Work required
A word-for-word copy of the records below is required.

Data for analysis
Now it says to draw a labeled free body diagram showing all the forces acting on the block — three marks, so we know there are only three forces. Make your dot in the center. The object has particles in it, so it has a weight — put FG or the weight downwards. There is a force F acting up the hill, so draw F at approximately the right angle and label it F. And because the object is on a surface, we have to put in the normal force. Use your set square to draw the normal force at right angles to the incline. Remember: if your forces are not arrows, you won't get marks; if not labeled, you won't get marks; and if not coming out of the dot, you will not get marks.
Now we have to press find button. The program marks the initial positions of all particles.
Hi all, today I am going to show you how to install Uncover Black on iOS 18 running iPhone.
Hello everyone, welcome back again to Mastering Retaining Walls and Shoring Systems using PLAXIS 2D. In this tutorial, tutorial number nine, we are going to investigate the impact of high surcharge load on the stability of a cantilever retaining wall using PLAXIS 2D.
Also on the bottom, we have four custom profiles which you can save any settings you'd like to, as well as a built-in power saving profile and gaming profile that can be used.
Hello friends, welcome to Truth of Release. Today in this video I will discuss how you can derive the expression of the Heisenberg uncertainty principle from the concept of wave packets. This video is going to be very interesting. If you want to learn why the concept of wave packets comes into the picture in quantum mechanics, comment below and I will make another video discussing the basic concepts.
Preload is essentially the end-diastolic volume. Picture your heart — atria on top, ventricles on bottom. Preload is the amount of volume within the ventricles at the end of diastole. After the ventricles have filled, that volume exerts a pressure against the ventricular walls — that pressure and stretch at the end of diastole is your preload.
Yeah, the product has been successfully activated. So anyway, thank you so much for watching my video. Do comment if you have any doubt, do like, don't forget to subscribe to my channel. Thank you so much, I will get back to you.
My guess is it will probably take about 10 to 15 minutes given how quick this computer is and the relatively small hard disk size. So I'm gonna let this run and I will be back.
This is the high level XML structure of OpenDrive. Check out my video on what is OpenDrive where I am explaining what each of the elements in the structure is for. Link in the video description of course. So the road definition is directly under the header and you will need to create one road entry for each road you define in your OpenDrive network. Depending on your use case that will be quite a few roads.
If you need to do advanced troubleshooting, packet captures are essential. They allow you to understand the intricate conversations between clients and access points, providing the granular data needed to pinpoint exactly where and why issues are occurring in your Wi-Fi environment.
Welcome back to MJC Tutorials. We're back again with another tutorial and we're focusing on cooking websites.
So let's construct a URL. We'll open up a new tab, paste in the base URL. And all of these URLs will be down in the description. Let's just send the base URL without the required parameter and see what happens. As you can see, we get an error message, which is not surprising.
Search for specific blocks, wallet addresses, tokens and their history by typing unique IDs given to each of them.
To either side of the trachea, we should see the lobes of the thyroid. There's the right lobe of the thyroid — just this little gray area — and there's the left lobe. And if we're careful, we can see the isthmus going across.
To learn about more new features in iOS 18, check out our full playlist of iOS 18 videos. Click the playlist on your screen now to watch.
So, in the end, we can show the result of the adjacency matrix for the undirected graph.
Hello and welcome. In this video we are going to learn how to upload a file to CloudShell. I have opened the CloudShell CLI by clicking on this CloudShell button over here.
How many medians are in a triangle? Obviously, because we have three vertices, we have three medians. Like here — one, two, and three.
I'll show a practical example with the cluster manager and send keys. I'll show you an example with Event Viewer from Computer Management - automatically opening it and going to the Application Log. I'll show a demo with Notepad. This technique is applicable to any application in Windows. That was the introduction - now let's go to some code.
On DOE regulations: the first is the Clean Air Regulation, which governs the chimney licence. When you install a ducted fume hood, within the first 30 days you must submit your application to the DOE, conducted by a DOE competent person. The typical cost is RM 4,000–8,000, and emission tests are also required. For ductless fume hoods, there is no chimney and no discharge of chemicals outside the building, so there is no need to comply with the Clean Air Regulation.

Reply to the task
Now it says to draw a labeled free body diagram showing all the forces acting on the block — three marks, so we know there are only three forces. Make your dot in the center. The object has particles in it, so it has a weight — put FG or the weight downwards. There is a force F acting up the hill, so draw F at approximately the right angle and label it F. And because the object is on a surface, we have to put in the normal force. Use your set square to draw the normal force at right angles to the incline. Remember: if your forces are not arrows, you won't get marks; if not labeled, you won't get marks; and if not coming out of the dot, you will not get marks.
Now we have to press find button. The program marks the initial positions of all particles.
Hi all, today I am going to show you how to install Uncover Black on iOS 18 running iPhone.
Hello everyone, welcome back again to Mastering Retaining Walls and Shoring Systems using PLAXIS 2D. In this tutorial, tutorial number nine, we are going to investigate the impact of high surcharge load on the stability of a cantilever retaining wall using PLAXIS 2D.
Also on the bottom, we have four custom profiles which you can save any settings you'd like to, as well as a built-in power saving profile and gaming profile that can be used.
Hello friends, welcome to Truth of Release. Today in this video I will discuss how you can derive the expression of the Heisenberg uncertainty principle from the concept of wave packets. This video is going to be very interesting. If you want to learn why the concept of wave packets comes into the picture in quantum mechanics, comment below and I will make another video discussing the basic concepts.
Preload is essentially the end-diastolic volume. Picture your heart — atria on top, ventricles on bottom. Preload is the amount of volume within the ventricles at the end of diastole. After the ventricles have filled, that volume exerts a pressure against the ventricular walls — that pressure and stretch at the end of diastole is your preload.
Yeah, the product has been successfully activated. So anyway, thank you so much for watching my video. Do comment if you have any doubt, do like, don't forget to subscribe to my channel. Thank you so much, I will get back to you.
My guess is it will probably take about 10 to 15 minutes given how quick this computer is and the relatively small hard disk size. So I'm gonna let this run and I will be back.
This is the high level XML structure of OpenDrive. Check out my video on what is OpenDrive where I am explaining what each of the elements in the structure is for. Link in the video description of course. So the road definition is directly under the header and you will need to create one road entry for each road you define in your OpenDrive network. Depending on your use case that will be quite a few roads.
If you need to do advanced troubleshooting, packet captures are essential. They allow you to understand the intricate conversations between clients and access points, providing the granular data needed to pinpoint exactly where and why issues are occurring in your Wi-Fi environment.
Welcome back to MJC Tutorials. We're back again with another tutorial and we're focusing on cooking websites.
So let's construct a URL. We'll open up a new tab, paste in the base URL. And all of these URLs will be down in the description. Let's just send the base URL without the required parameter and see what happens. As you can see, we get an error message, which is not surprising.
Search for specific blocks, wallet addresses, tokens and their history by typing unique IDs given to each of them.
To either side of the trachea, we should see the lobes of the thyroid. There's the right lobe of the thyroid — just this little gray area — and there's the left lobe. And if we're careful, we can see the isthmus going across.
To learn about more new features in iOS 18, check out our full playlist of iOS 18 videos. Click the playlist on your screen now to watch.
So, in the end, we can show the result of the adjacency matrix for the undirected graph.
Hello and welcome. In this video we are going to learn how to upload a file to CloudShell. I have opened the CloudShell CLI by clicking on this CloudShell button over here.
How many medians are in a triangle? Obviously, because we have three vertices, we have three medians. Like here — one, two, and three.
I'll show a practical example with the cluster manager and send keys. I'll show you an example with Event Viewer from Computer Management - automatically opening it and going to the Application Log. I'll show a demo with Notepad. This technique is applicable to any application in Windows. That was the introduction - now let's go to some code.
On DOE regulations: the first is the Clean Air Regulation, which governs the chimney licence. When you install a ducted fume hood, within the first 30 days you must submit your application to the DOE, conducted by a DOE competent person. The typical cost is RM 4,000–8,000, and emission tests are also required. For ductless fume hoods, there is no chimney and no discharge of chemicals outside the building, so there is no need to comply with the Clean Air Regulation.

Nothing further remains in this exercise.